A storm called a derecho with winds up to 130 mph ravaged Tama and neighboring counties on July 11. It flattened cornfields and destroyed hundreds of buildings and grain bins, leaving a trail of destruction.
Farmers are still dealing with the aftermath.
“I’m absolutely getting nothing. Did you see a row there? I didn’t,” David Crees said while combining corn on the northern edge of Dysart.
As corn recovered from the storm, it took on a “gooseneck” shape. Large portions of fields are so tangled that finding rows are impossible.
Ease of navigation is hit and miss. Harvest is tedious.
His eyes glued straight ahead, Crees often stops and backs up to get corn he missed. The objective is to harvest as much as possible, but not at the expense of danger lurking below.
“I don’t want to be so intense that I put my neighbor’s shed through my corn head,” Crees said. “You get so into watching, trying to stay on the row.”
It’s a similar scenario countywide.
Just on the south side of Dysart, one of the hardest hit communities, Wade Wilson combined soybeans. Once or twice each round, he stops to pull metal or boards will nails and screws from bean rows.
“It’s good exercise,” Wilson said, trying to put a positive spin on the situation.
Piles of debris dot the field, indicating successful finds. It’s an agonizing, slow process.
Boards are like a chameleons, blending in with the dark brown plants. Farmers combine at about half-speed, 2 to 3 mph, as a precaution.
“You just have to be on the ball. You don’t know what’s coming up,” Wilson said.
Extreme vigilance sometimes isn’t enough.
Every now and then Wilson’s 2004 John Deere 9650 STS combine gobbles up a piece of debris, followed by an eerie crunch and vibration. Luckily, no major damage has occurred – yet.
Wilson knows that’s a possibility. A few cycle sections and knife guards have shattered. He carries extras for in-field fixes.
While picking up debris, Wilson has got six flat tires.
On the bright side, soybean production is good. Wilson said the first 350 of 1,000 acres is averaging 55 to 60 bushels per acre.
“When it’s all said and done, I’m tickled to death they’re yielding good and the machinery is (working),” Wilson said.
The same can’t be said about corn yields in the area. Reproduction and development setbacks because of the storm curtailed production by 20 percent to 30 percent, ag experts say.

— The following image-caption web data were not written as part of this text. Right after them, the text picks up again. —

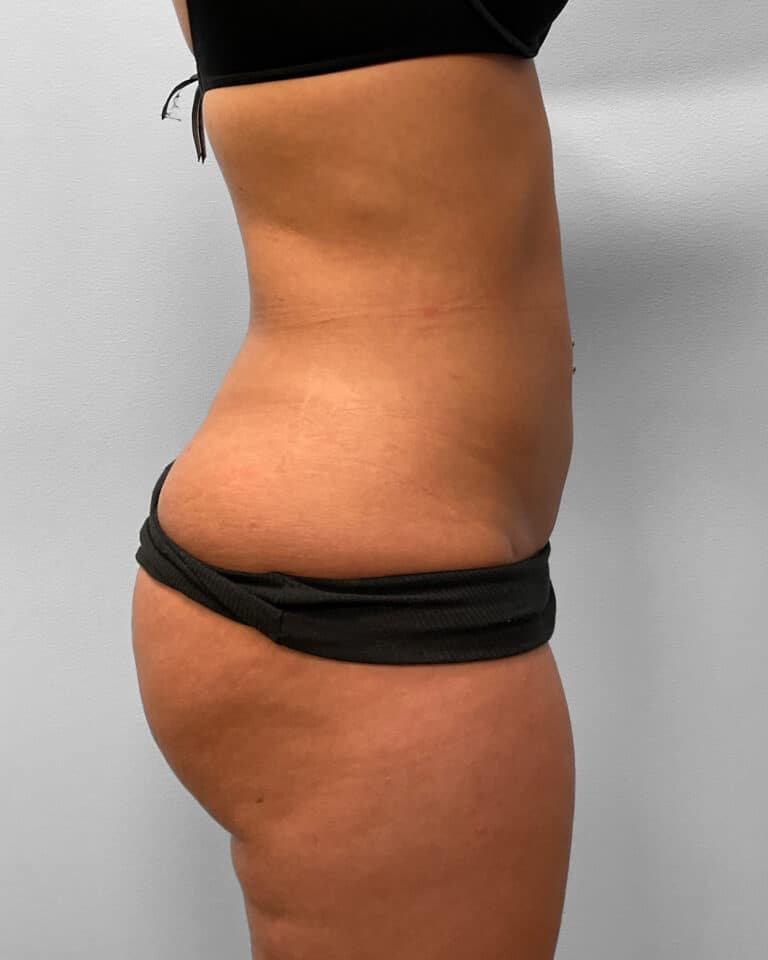 After Image: BBL & Liposuction- Dr. Howell - right-side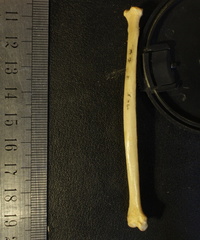 Radius : vue médiale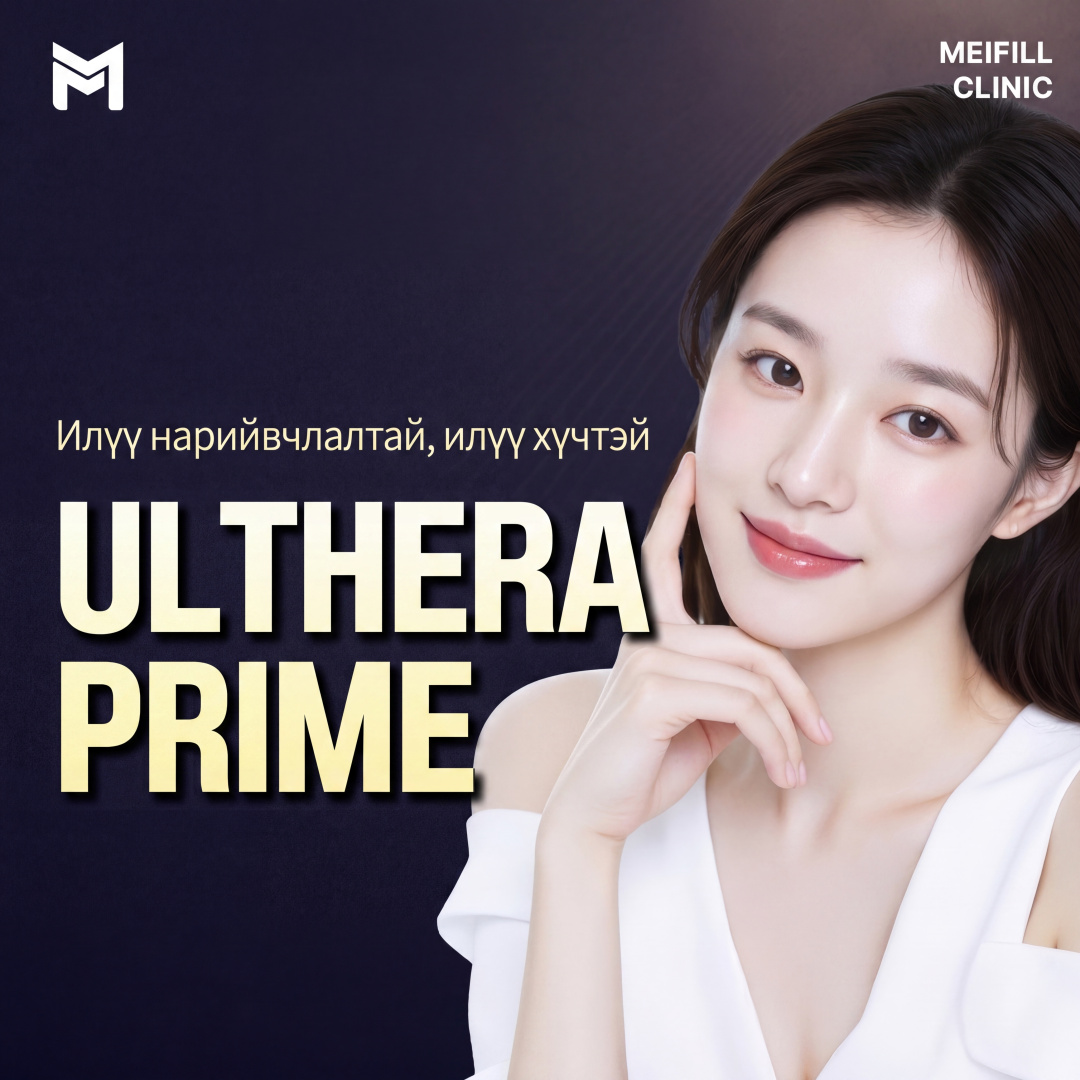 Ултерапи Прайм 100 шот - Лазер лифтинг, Ултера лифтинг шинэчлэл, давхар эрүү, эрүүний өөх, эрүүний доод өөх, давхар эрүү, эрүүний шугам, V-лайн, арьсны уян хатан байдал сайжруулах, Ултера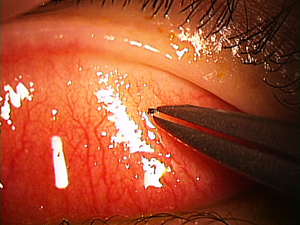 する ゴロゴロ 目 片目 だけ が 結膜結石という症状と対処方法 ゴロゴロな目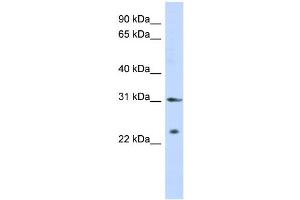 WB Suggested Anti-SSX5 Antibody Titration:  0. (SSX5 抗体  (Middle Region))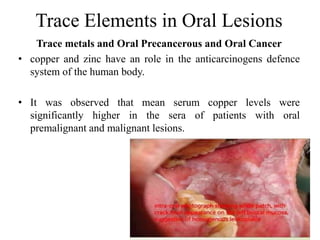 Details of Trace elements in oral health | PPTX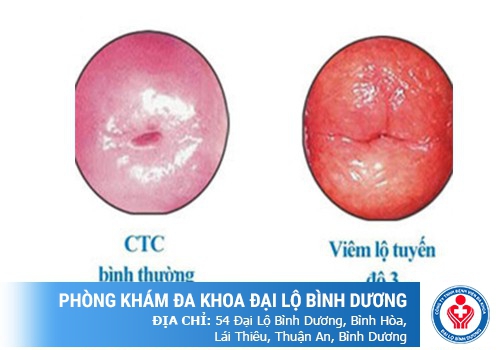 TRIỆU CHỨNG CỦA BỆNH VIÊM LỘ TUYẾN CỔ TỬ CUNG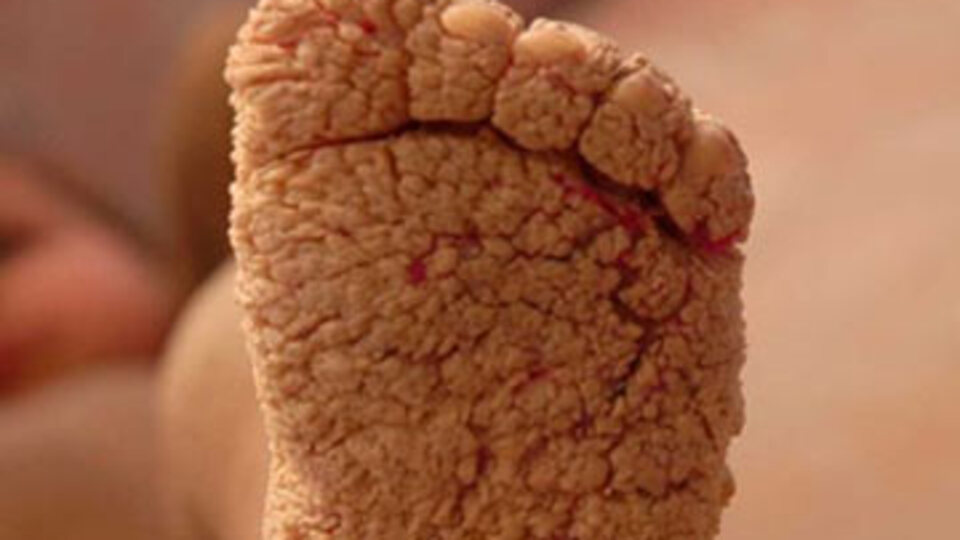 Timsah derisinden nasıl kurtuldu?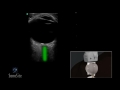 how to ocular ultrasound 3d video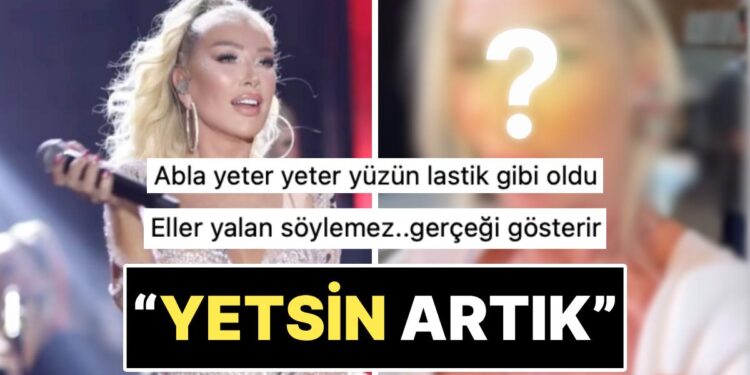 “Eller Yalan Söylemez”: Yeni Yaptırdığı Estetikle Yüzünün Kalktığına İnanan Seda Sayan Son Halini Paylaştı!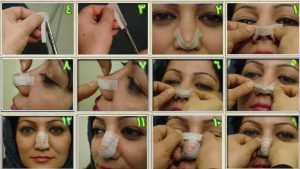 نحوه چسب زدن بینی بعد از عمل _ دکتر علی حسینی واجاری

Losses will be substantial, but not bad enough – for the most part – to trigger insurance payments, Crees said. That makes getting every ear possible in the combine even more critical.
Crees, also a local banker, farms 1,400 acres with his sister, Jan Ahrendsen. The siblings paid $1,600 for after-market Roll-A-Cones for their 2006 Case I-H 2388 combine. The spinning auger-like apparatuses help feed leaning stalks into the corn head.
They work, Crees said, but aren’t 100 percent effective.
“I’m losing ears and kernels. I know that,” he said.
Recently, the field averaged 170 bushels per acre instead of the usual 220.
“I thought we’d have our best crop ever until that morning,” Crees said. “We’ll just take things slow and do the best we can.”